Selama pemanasan dalam air, peregangan lamela granula berawal dari penyerapan molekul air di bagian amorf granula. Selanjutnya bagian ini akan
menginduksi pengembangan bagian kristalin granula sehingga molekul amilopektin pada titik percabangan dapat terpisah. Bangun molekul dari
amilopektin memungkinkan kemampuan untuk memerangkap air yang lebih besar daripada rantai linier yang membentuk heliks sehingga amilopektin mempunyai
peran pada pengembangan granula pati yang lebh besar daripada amilosa Jane et al.
1999. Pengembangan granula pati akan mencapai maksimal pada suhu gelatinisasi sehingga dapat meningkatkan viskositas secara drastis.
Pemanasan lebih lanjut di atas suhu akhir gelatinisasi akan menyebabkan dinding granula rusak sehingga isi granula terbebaskan ke medium dan
menghasilkan pasta. Peningkatan kelarutan juga diikuti dengan peningkatan viskositas. Hal ini disebabkan air yang sebelumnya bebas bergerak di luar granula
pati menjadi terperangkap dan tidak dapat bergerak bebas lagi setelah mengalami gelatinisasi.
Pasta pati dapat membentuk gel jika dilakukan pendinginan. Amilosa yang tercuci ke dalam medium dispersi akan membentuk jaringan tiga dimensi yang
bersifat kontinyu. Sebaliknya, molekul amilopektin berperan untuk mempertahankan molekul air di dalam gel. Faktor yang mempengaruhi
karakteristik suspensi pati dan gelnya adalah pH, suhu dan pengadukan yang diberikan serta keberadaan komponen lain seperti gula, protein lipid dan serat.
Faktor konsentrasi pati menentukan jumlah air yang diperlukan untuk mengembangkan granula, pH dapat menurunkan viskositas akibat hidrolisis oleh
asam dan pengadukan dapat meningkatkan atau menurunkan viskositas tergantung dari rasio amilosa dan amilopektin.
Scoch dan Maywald 1968 mengelompokkan pati ke dalam empat tipe pola gelatinisasi berdasarkan kemampuan pengembangan granula pati dan
ketahanannya terhadap panas serta pengadukan. Keempat jenis pola viskositas tersebut adalah tipe A, B, C dan D. Tipe A adalah jenis pati yang memiliki
kemampuan pengembangan yang tinggi. Granula pati dari tipe ini mengembang dengan mudah ketika dipanaskan dalam air dan ikatan internalnya menjadi lemah
sehingga menjadi tidak tahan terhadap pengadukan. Kurva viskositas tipe ini menghasilkan puncak viskositas yang tinggi diikuti dengan pengenceran secara
cepat selama pemasakan. Jenis pati yang memiliki pola viskositas tipe ini adalah pati kentang, tapioka, dan sereal jenis wax.
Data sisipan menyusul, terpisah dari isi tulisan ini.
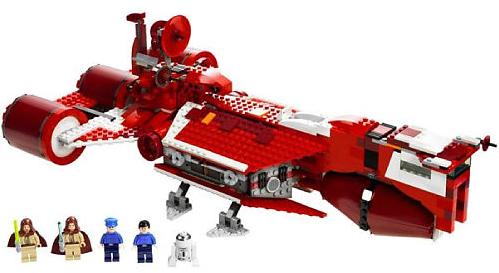 lego capital ships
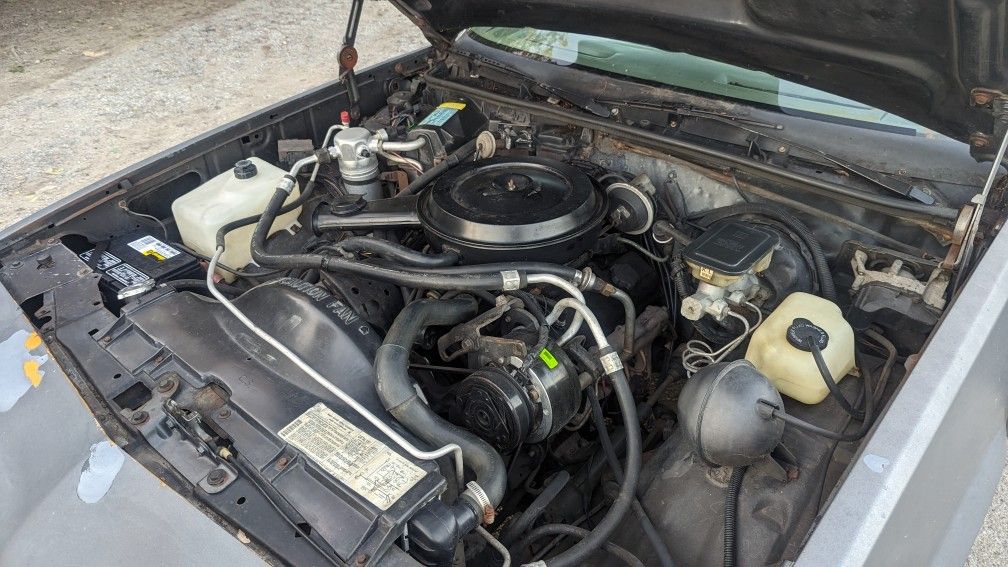 1986 Chevrolet El Camino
Tipe B adalah pati yang mengalami pengembangan yang moderat. Karena granula pati tidak mengembang secara sempurna sehingga menyebabkannya
menjadi tidak mudah pecah, maka pati jenis ini menunjukkan puncak viskositas yang lebih rendah dan mengalami sedikit pengenceran selama pemasakan.
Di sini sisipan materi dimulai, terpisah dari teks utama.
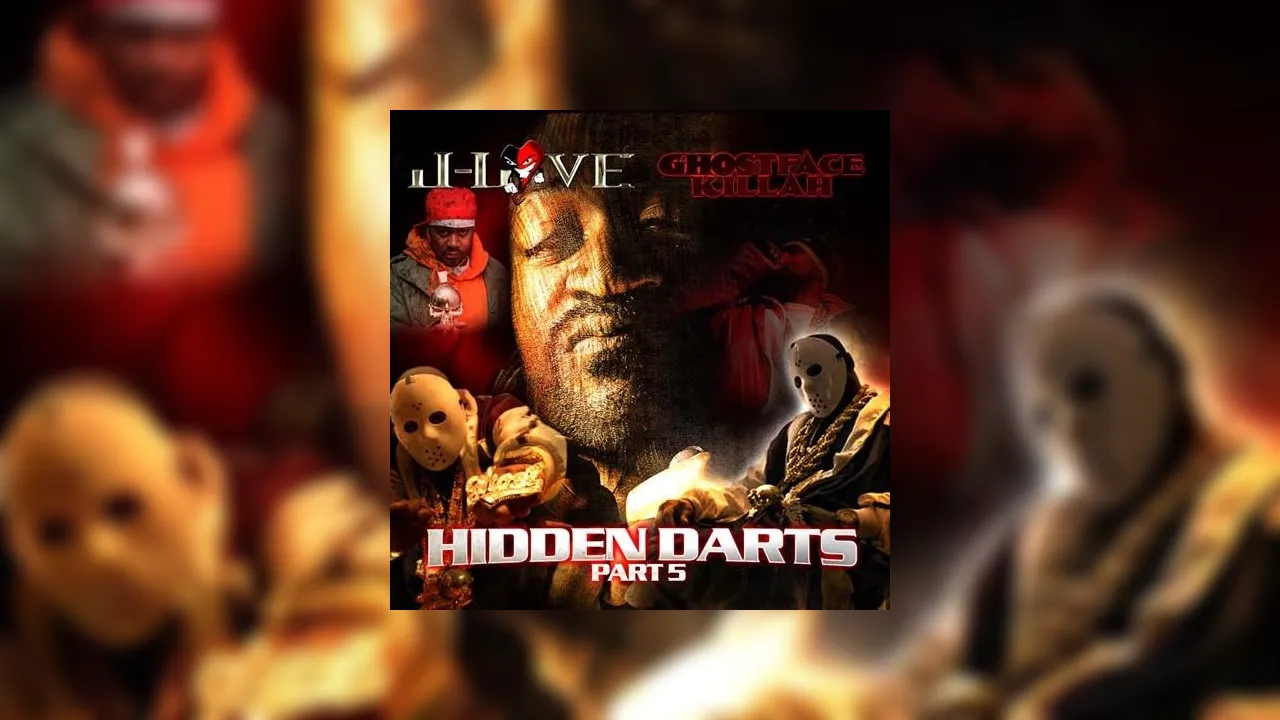 Ghostface Killah Hidden Darts Mixtape Hosted By J Love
Contohnya adalah pati sereal. Tipe C merupakan jenis pati yang mengalami pembengkakan terbatas. Kurva viskositasnya tidak menunjukkan adanya puncak
viskositas tapi memiliki viskositas yang sangat tinggi dan meningkat selama pemasakan berlangsung.
Pola viskositas tipe D merupakan pati yang memiliki pengembangan yang sangat terbatas. Biasanya, pati yang memiliki pola viskositas ini adalah pati yang
mengandung amilosa sangat tinggi. Hal ini karena kekakuan ikatan internal akibat interaksi molekul-molekul linier sehingga menyebabkan granula pati tidak
memberikan pembengkakan yang cukup untuk meningkatkan viskositas selama
pemasakan. 2.3 Oksalat dalam Bahan Pangan
Asam oksalat adalah asam dikarboksilat yang hanya terdiri atas dua atom karbon pada masing-masing molekul Gambar 4a. Asam oksalat dalam keadaan
murni berupa senyawa kristal, larut dalam air 8 pada 10 °C dan larut dalam alkohol. Asam oksalat membentuk garam netral dengan logam alkali Na dan K,
yang larut dalam air 5-25, sementara itu asam oksalat juga dapat berikatan dengan ion logam dan membentuk endapan tak larut, seperti kalsium oksalat
Gambar 4.
a b
Gambar 4 Struktur kimia asam oksalat a; kalsium oksalat b. Oksalat banyak ditemukan di dalam tanaman. Lebih dari 215 keluarga
tanaman mengakumulasi kristal ini di dalam jaringannya. Kandungan oksalat dalam tanaman sekitar 5-80 bb dan 90 dari total oksalat tanaman berada
dalam bentuk garam oksalat. Kristal kalsium oksalat dalam tumbuhan memiliki beberapa fungsi, diantaranya adalah sebagai pengatur kalsium dalam jaringan,
melindungi dari hewan herbivora dan sebagai detoksifikasi logam Nakata 2003.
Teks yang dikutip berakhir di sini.